音楽を無料で楽しむというのはすっかり常識になった。
だが我々リスナーが忘れてはならないのが、無料で聴けるからと言っても全ての音楽作品には製作費用がかかっているということである。
当然なんらかの形でのフィードバックがなければ音楽家は作品を作り続けることはできない。
その方法については音楽家とリスナー、あるいはかつての仲介者(レーベル、プロダクション)がそれぞれ考えていくことが必要だろう。

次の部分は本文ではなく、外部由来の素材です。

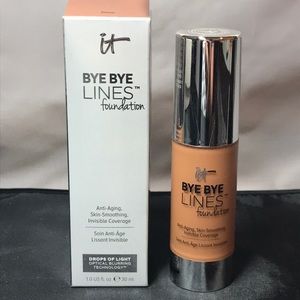 It Cosmetics| Deep Bye Bye Lines Foundation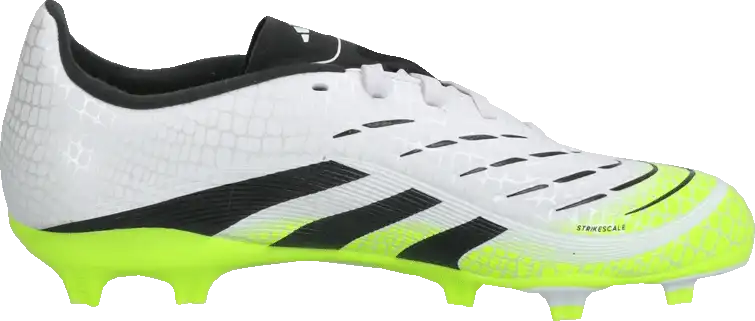 Dětské kopačky lisovky Adidas Predator League FG/MG bílé2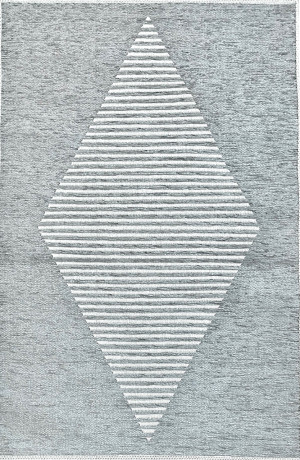 Carpets & More Szaro beżowy dywan na Balkon/Taras - NATURE CM137M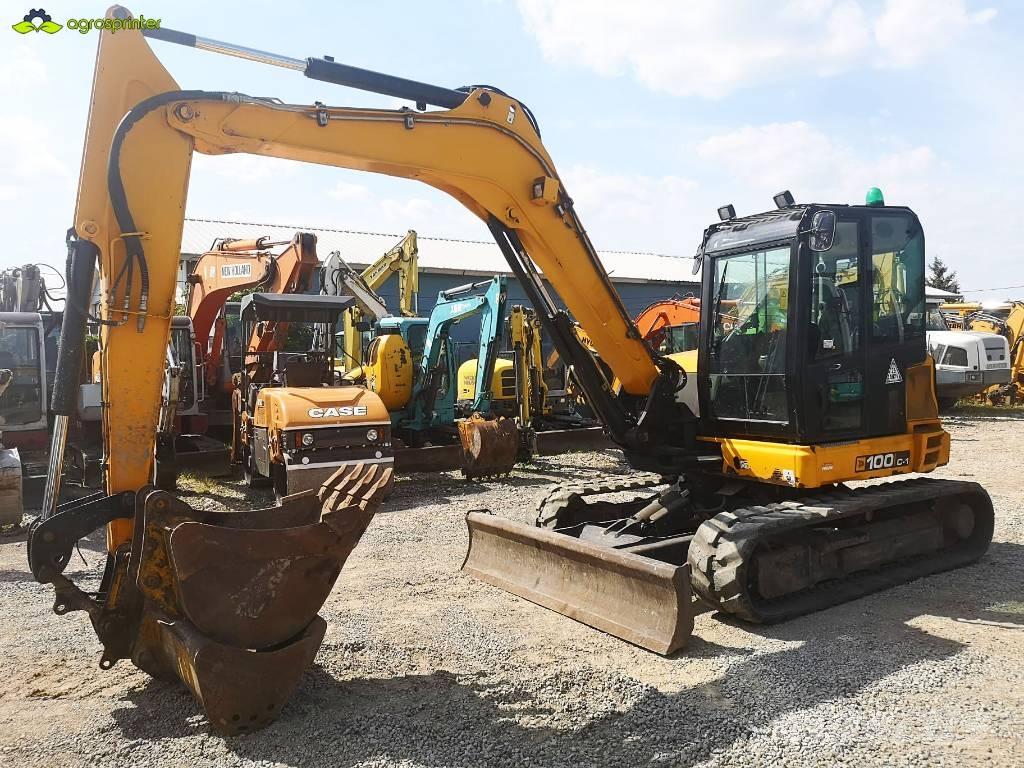 JCB 100 C Midibagger  7t - 12t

それはさておき、必要は発明の母、というのとは違うかもしれないが、かつてならばそれなりに時間と労力をかけなければ出来なかった類の作品が、ツールの進歩によって驚くほど簡単に(簡単と言い切ってしまうとまた語弊があるが)作れるようになったのは面白いことだ。
そんなわけで今日紹介するのはこちら。
ループマシンを駆使してソロでアンサンブルを作り上げていく実演方法というのは今では随分増えたとはいえ、このライブは楽曲自体の質も良いし、ライブならではの高揚感も味わえて非常に素晴らしい内容だ。
強いてジャンル分けするのならばエレクトロニカに近い感覚を味わえる楽曲なのだが、個々の音を拾っていくとあくまでも生楽器の演奏で構成されており、その生演奏を用いた手法で電子音楽的な響きを得られるところに、現代音楽家のスティーブ・ライヒを想起させるものがある。